Madame lit Nikolski de Nicolas Dickner

« Le compas Nikolski repose sur le plancher, près du sac de couchage, toujours pointé 34º à l’ouest du nord. J’effile son cordon rouge cerise autour de mon cou. » (p. 25)
Chère Lectrice, Cher Lecteur,
Pour notre rencontre mensuelle de janvier 2025 du Club de lecture Les têtes à Papineau, nous avons lu Nikolski de Nicolas Dickner publié en 2005 aux Éditions Alto. Je dois dire que ce choix de livres était assez osé, car ce bouquin s’avère postmoderne et il fallait comprendre ce courant pour bien en saisir le sens. La postmodernité présente, entre autres, des êtres désenchantés dont l’identité est fragmentée en raison de la perte de repères culturels et sociaux. De plus, la technologie et l’informatique ont modifié le devenir de l’être humain. Les relations entre les êtres humaines sont alors dénaturées et elles génèrent une solitude.
De mon côté, je souhaitais découvrir ce livre depuis un bon bout de temps, car je savais qu’il avait été couronné de nombreux prix littéraires comme le Prix Anne-Hébert, le Prix des collégiens, le Prix des libraires et le Prix printemps des lecteurs de Bordeaux.
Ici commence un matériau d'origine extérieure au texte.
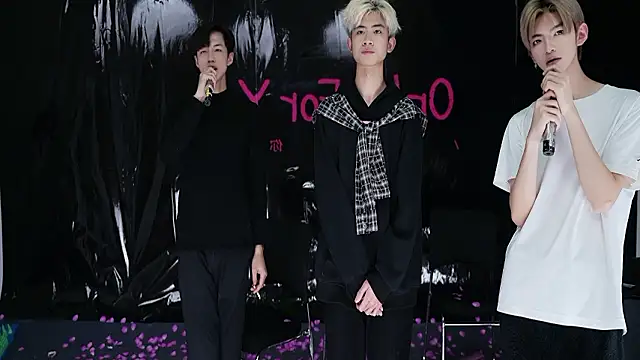 sweetboys666 即時 XXX 聊天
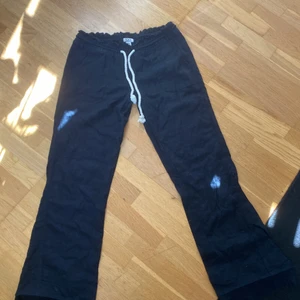 Linnebyxa - Blåa linne byxor från Roxy, köpta på Zalando nypris 599, inte använda men har lite lim på innersidan för att jag har kortat ner dem men det är inget som syns på utsidan. Egen frakt betalas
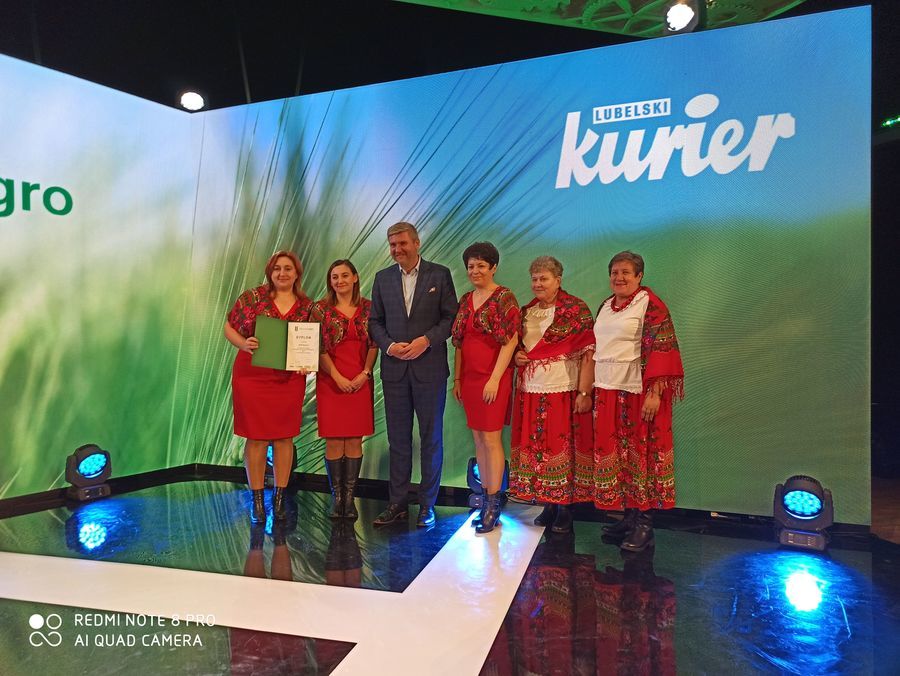 Na zdjęciu panie z KGW Niemce odbierają dyplomy
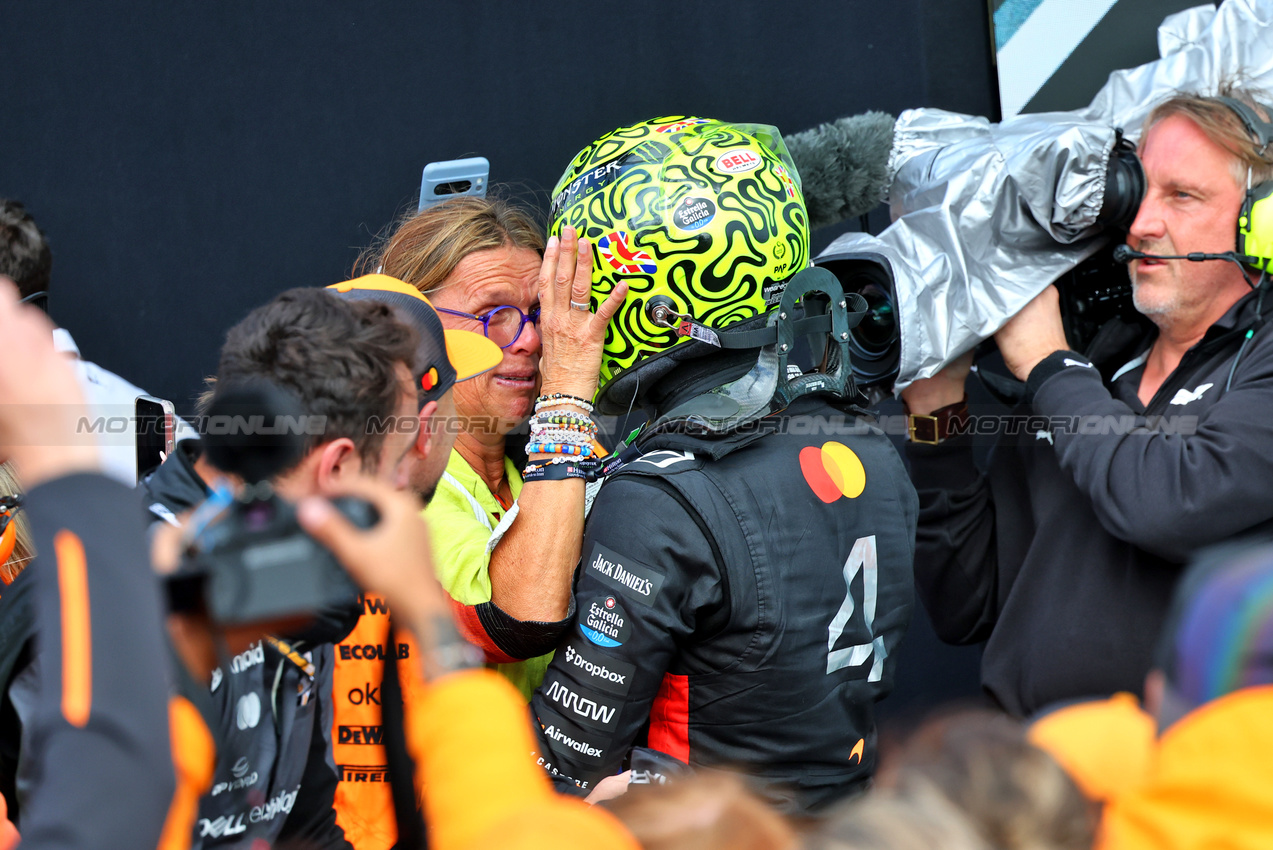 GP GRAN BRETAGNA, Gara winner Lando Norris (GBR) McLaren celebrates with his mother Cisca Wauman (BEL) in parc ferme.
Tout d’abord, qui est Nicolas Dickner ?
Selon Les Éditons Alto :
« Nicolas Dickner est né à Rivière-du-Loup, a voyagé en Amérique latine et en Europe avant de jeter l’ancre à Québec puis à Montréal, où il vit aujourd’hui avec sa famille. Il signe en 2005 Nikolski, qui remporte le Prix des libraires du Québec, le Prix littéraire des collégiens ainsi que le prix Anne-Hébert et qui est, à ce jour, traduit dans une dizaine de langues. Tarmac, son deuxième roman paru en 2009, est également traduit dans plusieurs pays. Six degrés de liberté est son troisième roman, il a obtenu le Prix littéraire du Gouverneur général.»
Nikolski
Noah et Joyce s’établissent à Montréal après avoir laissé le monde de l’enfance derrière eux. L’un va étudier l’archéologie à l’université, l’autre souhaite devenir une pirate des temps modernes pour suivre l’exemple de ses ancêtres. Un libraire solitaire dont le nom est inconnu y vit déjà. Ils ne se connaissent pas. Ils vont tenter d’apprendre à vivre dans la grande ville et surtout, ils vont découvrir peu à peu qui ils sont.
Mes impressions
D’emblée, je dois dire que j’ai énormément ressenti de plaisir en lisant ce texte. Pourquoi ? Parce que c’est un récit intelligent, énormément travaillé, fouillé et dont les liens ne cessent de surprendre l’instance lectrice et de s’établir dans sa tête après avoir refermé le livre. Il faut probablement plus d’une lecture pour en apprécier toutes les nuances. Dans cet univers postmoderne, les êtres sont aux prises avec les échecs de la modernité. Ils sont désenchantés par les produits tributaires de la consommation à outrance. Pour moi, le thème des ordures est particulièrement représentatif de l’échec de la société de consommation qui a engendré des problèmes planétaires terribles et des conséquences environnementales néfastes.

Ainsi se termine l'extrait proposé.